Okay. Let us apply the Hyatt Rule. At the outset, the various popcount implementations appear to me to be obvious examples of a one-input-one-output function. Is that correct? If true, the Hyatt Rule appears to allow rote code copying of these routines. However, there are numerous variations to popcount implementations. Stockfish's is identical to ivanhoe's, though one in c and the other c++. What I find is that the various implementations of this one-input-one-output function differ widely when it comes to speed. As you can see, the choice of a popcount implementation is significant. The "wikipedia #3/ivanhoe/stockfish" routine is the fastest. Whoever wrote these various routines a) knows a lot; b) used their knowledge; and, c) created something. I will certainly improve my engine, if I replace gcc's __builtin_popcount with wikipedia#3/stockfish/ivanhoe's routine. Now, Stockfish's 'bitcount.h' contains the standard GPL boilerplate above its bitcount routine.

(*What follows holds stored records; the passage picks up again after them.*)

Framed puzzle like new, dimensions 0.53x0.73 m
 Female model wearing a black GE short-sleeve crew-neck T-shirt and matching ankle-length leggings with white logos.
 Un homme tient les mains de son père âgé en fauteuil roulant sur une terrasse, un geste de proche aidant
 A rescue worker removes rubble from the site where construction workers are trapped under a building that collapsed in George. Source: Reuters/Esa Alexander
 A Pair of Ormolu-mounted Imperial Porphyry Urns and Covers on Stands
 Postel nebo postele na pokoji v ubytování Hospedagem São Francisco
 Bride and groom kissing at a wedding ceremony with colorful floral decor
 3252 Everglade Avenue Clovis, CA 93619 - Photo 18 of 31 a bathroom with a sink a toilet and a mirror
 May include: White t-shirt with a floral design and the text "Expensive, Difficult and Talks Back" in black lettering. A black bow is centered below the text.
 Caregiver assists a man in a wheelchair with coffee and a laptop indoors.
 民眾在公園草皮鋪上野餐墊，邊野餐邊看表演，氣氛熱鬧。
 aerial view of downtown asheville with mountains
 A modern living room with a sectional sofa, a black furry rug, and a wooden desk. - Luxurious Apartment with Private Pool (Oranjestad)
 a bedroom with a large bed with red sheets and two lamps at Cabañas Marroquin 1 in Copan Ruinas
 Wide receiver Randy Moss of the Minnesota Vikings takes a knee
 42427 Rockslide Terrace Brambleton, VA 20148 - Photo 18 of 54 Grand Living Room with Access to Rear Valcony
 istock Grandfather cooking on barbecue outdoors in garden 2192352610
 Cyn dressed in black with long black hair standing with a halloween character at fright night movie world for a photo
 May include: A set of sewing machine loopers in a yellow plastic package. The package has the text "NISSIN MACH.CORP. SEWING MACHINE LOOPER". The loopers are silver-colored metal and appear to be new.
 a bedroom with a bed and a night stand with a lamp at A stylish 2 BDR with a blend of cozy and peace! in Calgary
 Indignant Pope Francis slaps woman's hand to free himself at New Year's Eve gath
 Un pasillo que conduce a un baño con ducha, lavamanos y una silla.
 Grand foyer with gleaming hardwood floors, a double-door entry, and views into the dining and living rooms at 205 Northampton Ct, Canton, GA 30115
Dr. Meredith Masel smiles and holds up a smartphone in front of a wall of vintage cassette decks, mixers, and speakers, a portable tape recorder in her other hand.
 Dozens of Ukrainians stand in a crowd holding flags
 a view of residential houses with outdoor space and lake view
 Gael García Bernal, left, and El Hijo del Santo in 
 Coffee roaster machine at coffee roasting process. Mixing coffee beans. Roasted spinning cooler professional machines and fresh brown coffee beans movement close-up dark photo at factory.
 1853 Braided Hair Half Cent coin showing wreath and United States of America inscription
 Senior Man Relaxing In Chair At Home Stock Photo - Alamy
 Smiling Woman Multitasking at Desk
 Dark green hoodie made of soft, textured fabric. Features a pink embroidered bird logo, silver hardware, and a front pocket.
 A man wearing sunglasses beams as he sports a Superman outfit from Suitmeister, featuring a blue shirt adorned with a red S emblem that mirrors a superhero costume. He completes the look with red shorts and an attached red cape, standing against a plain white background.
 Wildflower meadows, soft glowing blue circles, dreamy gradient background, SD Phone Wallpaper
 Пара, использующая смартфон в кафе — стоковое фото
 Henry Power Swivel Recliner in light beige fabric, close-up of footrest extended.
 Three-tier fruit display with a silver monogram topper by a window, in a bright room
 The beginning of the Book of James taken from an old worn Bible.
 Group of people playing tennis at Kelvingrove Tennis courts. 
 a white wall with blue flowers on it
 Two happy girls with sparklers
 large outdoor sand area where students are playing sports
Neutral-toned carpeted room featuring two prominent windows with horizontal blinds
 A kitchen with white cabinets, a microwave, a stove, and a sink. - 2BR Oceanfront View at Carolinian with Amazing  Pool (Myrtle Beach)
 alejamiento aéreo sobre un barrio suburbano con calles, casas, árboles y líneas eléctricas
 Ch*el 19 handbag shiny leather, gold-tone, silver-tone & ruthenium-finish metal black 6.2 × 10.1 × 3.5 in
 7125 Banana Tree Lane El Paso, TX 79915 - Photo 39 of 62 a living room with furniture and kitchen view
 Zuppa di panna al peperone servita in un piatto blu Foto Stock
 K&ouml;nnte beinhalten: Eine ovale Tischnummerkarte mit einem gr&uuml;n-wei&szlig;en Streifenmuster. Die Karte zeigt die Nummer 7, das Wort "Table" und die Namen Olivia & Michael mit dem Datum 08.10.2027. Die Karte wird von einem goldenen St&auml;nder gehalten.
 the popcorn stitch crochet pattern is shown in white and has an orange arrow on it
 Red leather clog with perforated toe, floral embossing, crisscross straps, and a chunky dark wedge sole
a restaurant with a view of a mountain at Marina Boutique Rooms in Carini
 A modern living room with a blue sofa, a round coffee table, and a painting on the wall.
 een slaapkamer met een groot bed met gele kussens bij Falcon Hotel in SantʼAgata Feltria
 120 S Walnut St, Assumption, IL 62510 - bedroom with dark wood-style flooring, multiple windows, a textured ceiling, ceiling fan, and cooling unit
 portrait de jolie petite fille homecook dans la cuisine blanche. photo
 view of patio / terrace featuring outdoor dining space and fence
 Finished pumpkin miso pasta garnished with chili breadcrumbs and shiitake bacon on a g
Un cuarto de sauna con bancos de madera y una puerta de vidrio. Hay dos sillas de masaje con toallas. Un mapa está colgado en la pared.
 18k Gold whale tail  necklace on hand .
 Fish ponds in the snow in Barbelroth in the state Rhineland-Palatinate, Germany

However, that routine is apparently public domain - it's on wikipedia without citation.
But, all of this is for illustration, so let us assume for the moment that Madame X authored the wikipedia#3/stockfish/ivanhoe version. Clearly, Madame X has created something of significance by inventing, or authoring, a function that nobody else did previously, and although this function takes the same input and produces the exact same output as all the other implementations, Madame X's is more than twice the speed of gcc's builtin. If Madame X uses her implementation in her chess engine, and it is not known or used by any other, am I free to disassemble her fine engine to discover her fast popcount implementation and use it in my engine without credit or citation? Given it's nature, after disassembly, my reconstruction in c would be identical to Madame X's.
How does the Hyatt Rule handle one-input-one-output functions whose various implementations differ widely in speed, speed being the primary objective? In other words, though probably impossible (and irrelevant with new processors), assume I managed to create another implementation that was three times faster than Madame X's? This is very low level stuff. Does the Hyatt Rule exonerate all who would disassemble my closed source engine and use my super fast method in their engines without credit. Again, the nature of this low level code would probably mean a c rewrite of disassemble code would be identical to my version without having ever seen my c code.